Marchetti ha vissuto la depressione ai tempi del Cagliari. L’ex portiere racconta: “Ero depresso, non ho vergogna nel dirlo. Avevo smarrito me stesso, non riuscivo nemmeno più a tuffarmi tra i pali. Stavo male, non ero nello stato mentale adatto per scendere in campo. Lo dissi al preparatore dei portieri. “Non me la sento”. Non fui capito. Giocavo a Cagliari e la società insabbiò tutto: venne solamente comunicato che ero infortunato. In realtà avrei avuto bisogno di sostegno, non di essere lasciato solo. La depressione è una malattia, va trattata con serietà.”
“Ho subito mobbing”
Marchetti dichiara di aver subito condotte di mobbing dalla società sarda: “Ho subìto un mobbing camuffato. Mi allenavo con la prima squadra, ma non venivo mai convocato. Tornavo dal Mondiale in Sudafrica, in cui ho fatto pure due presenze, e mi fu addossata la colpa di aver detto che mi sarebbe piaciuto giocare la Champions. Tutto qui. Da lì è iniziata una guerra senza fine. Pensi che in tribunale mi presentai con un vestito viola per far innervosire Cellino: aveva gli occhi sbarrati”.
“Blessin al Genoa, il peggior allenatore”

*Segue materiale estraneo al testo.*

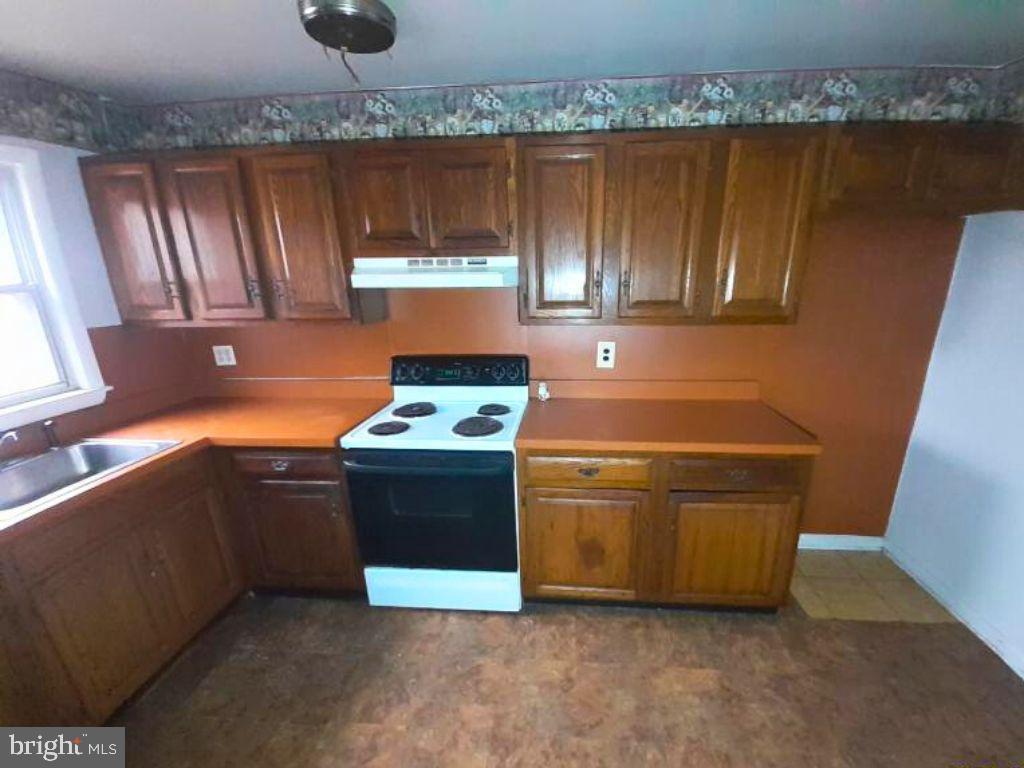 SANDTOWN-WINCHESTER - Residential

Racconta poi il suo passaggio al Genoa, dove il momento difficile continuò: “Dovevo andare a Napoli al posto di Meret. Invece vado al Genoa e non gioco mai. Una gestione ridicola da parte di personaggi rivedibili…Blessin? Quello che penso lo avete già letto su Instagram. È il peggior allenatore mai visto. Ci trattava di m… e ci umiliava in continuazione, anche singolarmente. Prendeva i giocatori e li insultava. Odiava gli italiani. Calafiori lo massacrava, gli diceva che era un “italian bastard”. Soffriva me, Criscito e Behrami. Infatti, non è un caso che Pandev scelse di accettare il Parma in Serie B pur di scappare. Le sembra normale che un ragazzo che ha vinto tutto in Italia e in Europa finisca a fare i tiri con i ragazzini a fine allenamento? Blessin lo umiliava in continuazione. Lui è andato via prima di mettergli le mani addosso”.

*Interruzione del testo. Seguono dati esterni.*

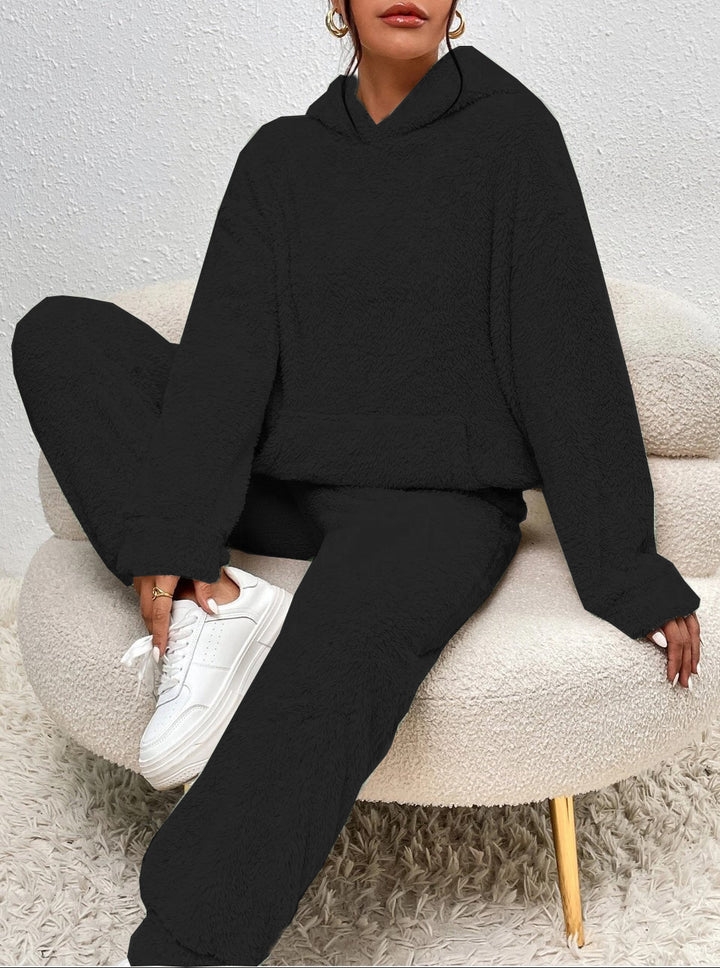 Women's fleece loungewear set with hood and pockets Lune London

“Potevo andare in una big”
Dichiara di essere pentito di non aver sfruttato la possibilità di andare in una big: “Sì, mi è mancata una big. Nel 2010 mi volevano in tanti, sì. Durante il Mondiale ci fu una chiacchierata con la Samp, poi la Roma e il Milan. Allegri, con cui ho un ottimo rapporto, mi voleva portare con sé. Ma sa… il presidente rifiutava ogni offerta, per cui era difficile muoversi”.
“Ringrazio la Nazionale”
Infine, parla della sua parentesi in Azzurro: “Devo solo ringraziare Lippi, Prandelli e Conte per la fiducia. Certo, va detto che per molti ero sempre “quello del Cagliari”. Anche dopo il Mondiale la critica fu quella di giocare in una squadra minore. Fossi stato il portiere del Milan sarebbe stata un’altra storia”.